- _Exercise instructions_:
Since the listing below shows pictures, leave them out and write out exactly the lines from the line with "Copa Plástico Con" to the line with "a person holding a bag with a drawing on it", both included, and no others.

- _Records_:

───

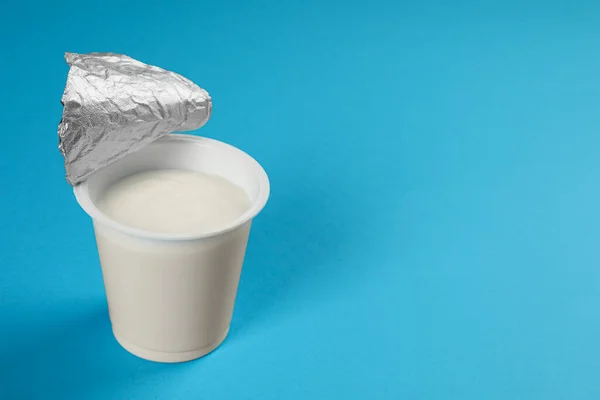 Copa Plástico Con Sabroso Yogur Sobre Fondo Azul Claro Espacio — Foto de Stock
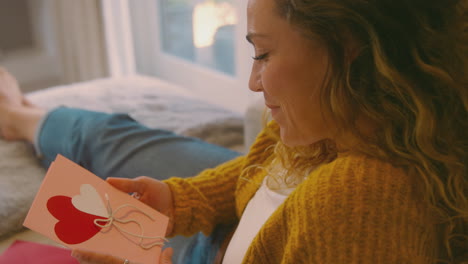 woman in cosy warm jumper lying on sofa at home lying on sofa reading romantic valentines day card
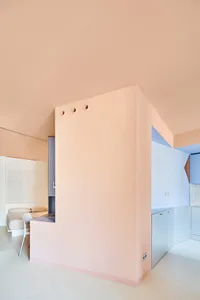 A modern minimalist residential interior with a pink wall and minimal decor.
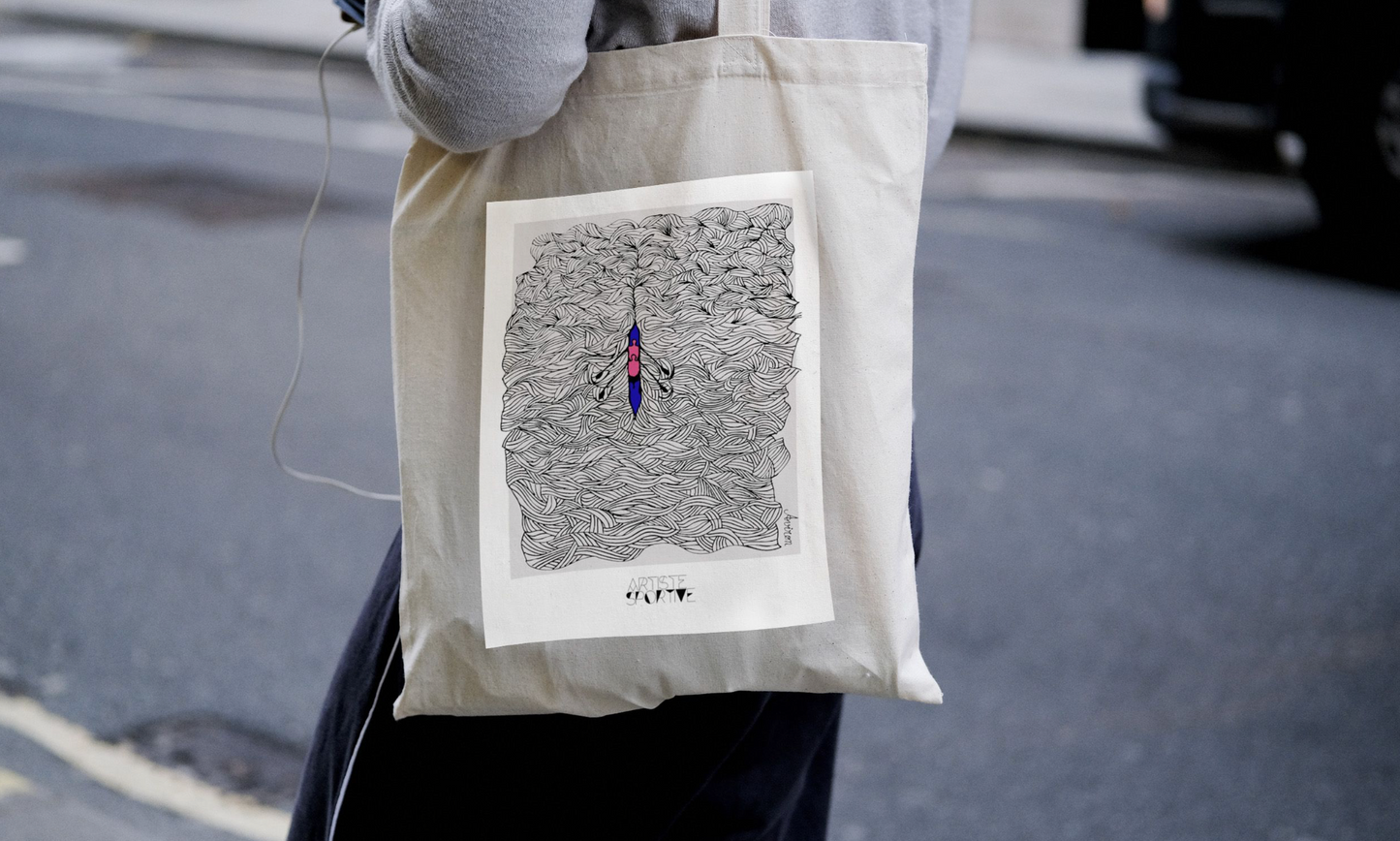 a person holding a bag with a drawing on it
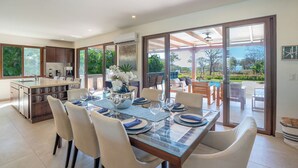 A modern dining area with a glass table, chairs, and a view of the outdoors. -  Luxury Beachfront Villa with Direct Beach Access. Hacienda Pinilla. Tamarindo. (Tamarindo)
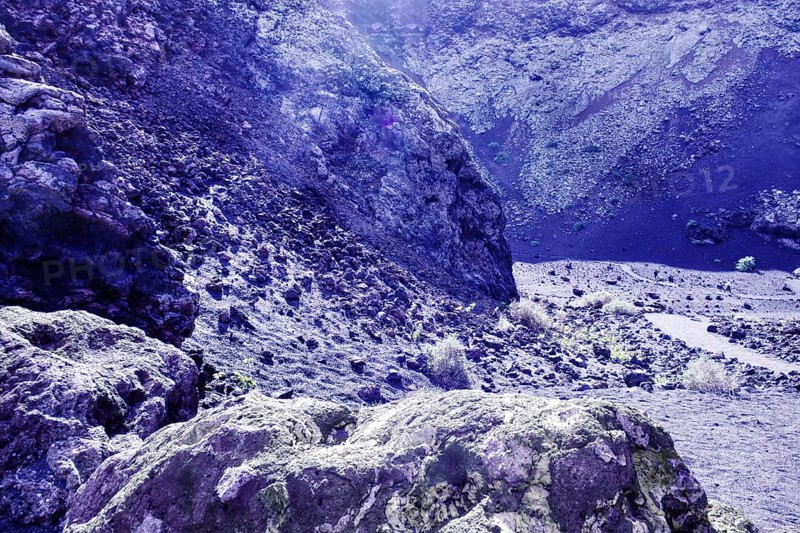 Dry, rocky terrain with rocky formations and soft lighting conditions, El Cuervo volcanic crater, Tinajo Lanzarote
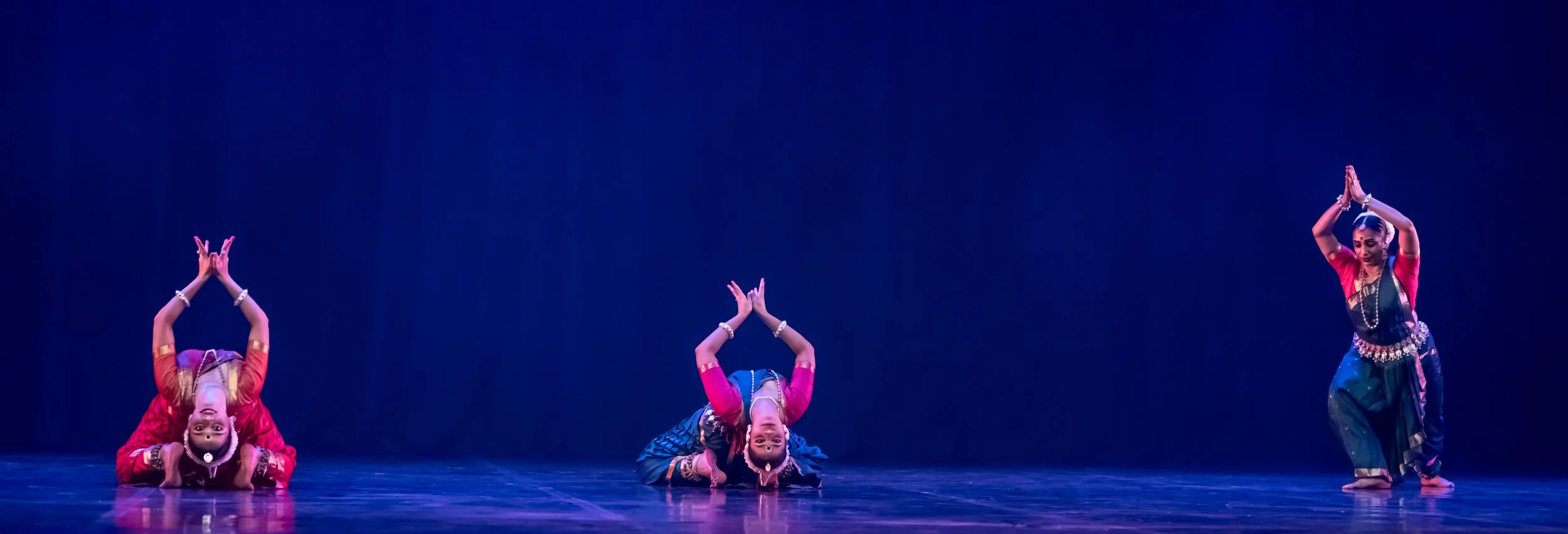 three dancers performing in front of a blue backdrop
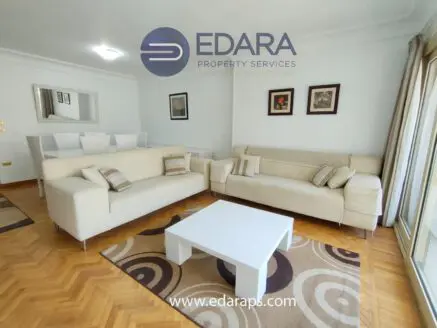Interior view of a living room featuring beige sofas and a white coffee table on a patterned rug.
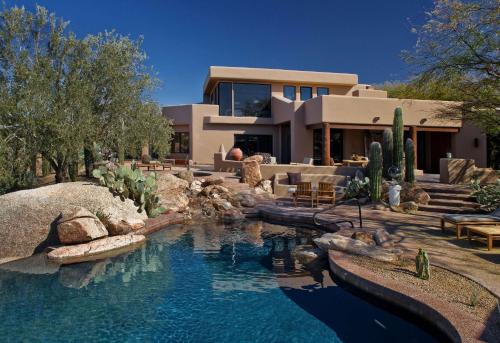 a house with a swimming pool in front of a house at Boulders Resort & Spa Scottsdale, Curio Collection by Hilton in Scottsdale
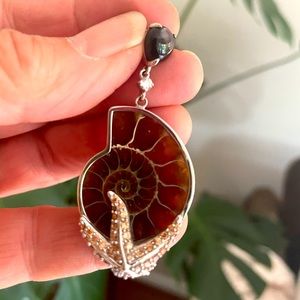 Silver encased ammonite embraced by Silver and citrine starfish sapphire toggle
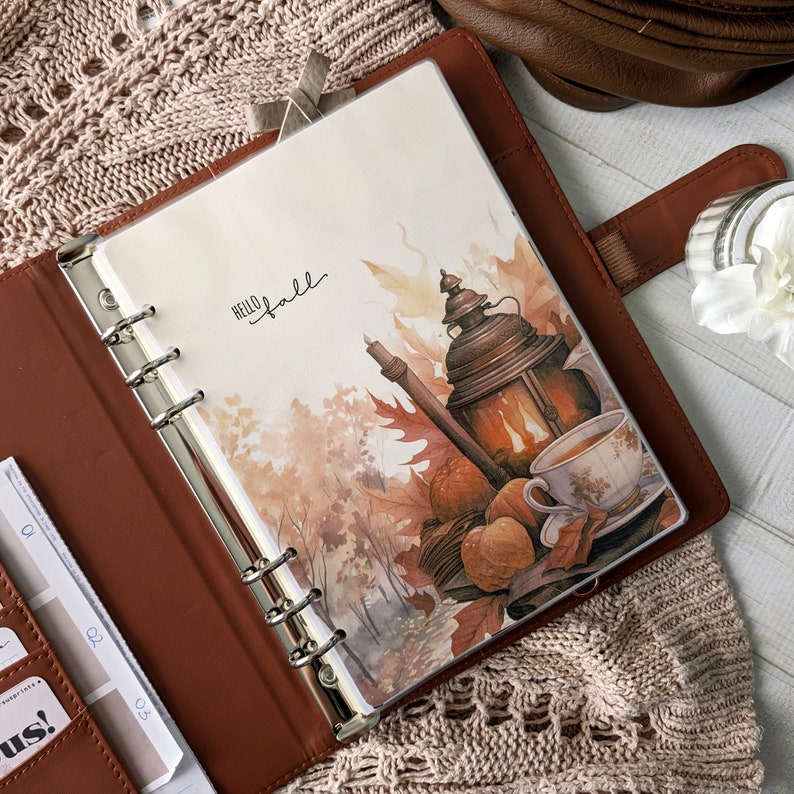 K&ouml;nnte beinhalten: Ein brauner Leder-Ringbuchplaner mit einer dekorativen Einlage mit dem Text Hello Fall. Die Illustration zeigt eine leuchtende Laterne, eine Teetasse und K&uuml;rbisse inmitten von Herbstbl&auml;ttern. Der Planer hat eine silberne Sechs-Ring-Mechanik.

───

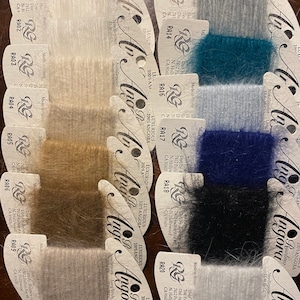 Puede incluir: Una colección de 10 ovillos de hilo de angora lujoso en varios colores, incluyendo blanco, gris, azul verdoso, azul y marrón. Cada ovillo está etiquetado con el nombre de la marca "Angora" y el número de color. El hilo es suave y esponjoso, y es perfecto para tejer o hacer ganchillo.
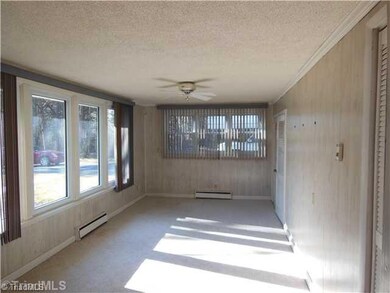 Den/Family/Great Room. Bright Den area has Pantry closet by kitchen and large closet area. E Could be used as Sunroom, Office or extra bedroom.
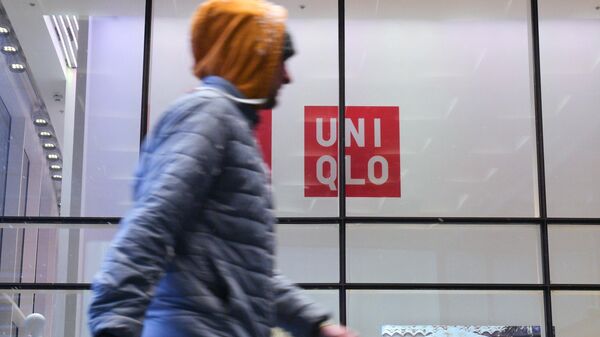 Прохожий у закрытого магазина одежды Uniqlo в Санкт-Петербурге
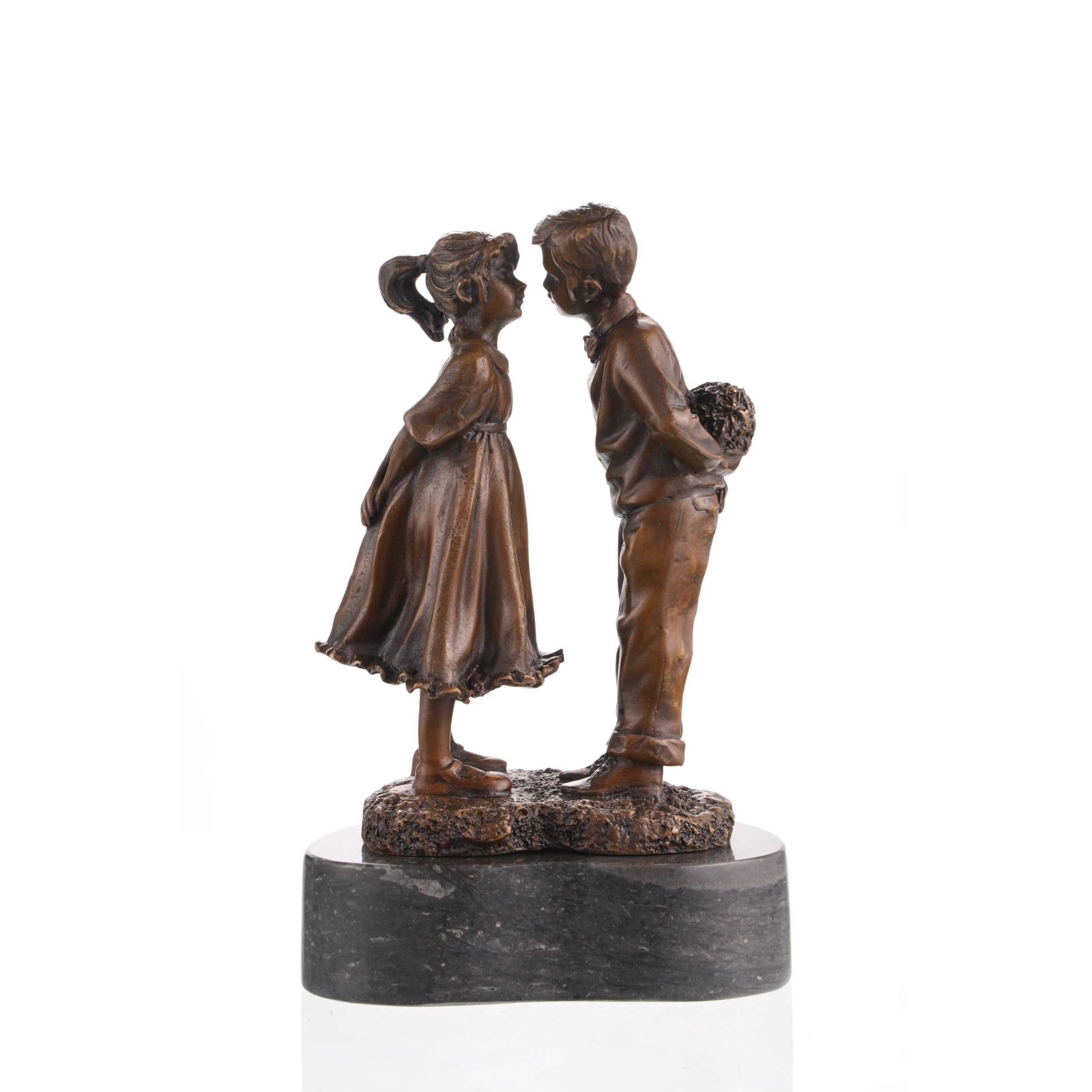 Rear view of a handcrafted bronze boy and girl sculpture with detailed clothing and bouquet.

───

- _Response box_:
 Copa Plástico Con Sabroso Yogur Sobre Fondo Azul Claro Espacio — Foto de Stock
 woman in cosy warm jumper lying on sofa at home lying on sofa reading romantic valentines day card
 A modern minimalist residential interior with a pink wall and minimal decor.
 a person holding a bag with a drawing on it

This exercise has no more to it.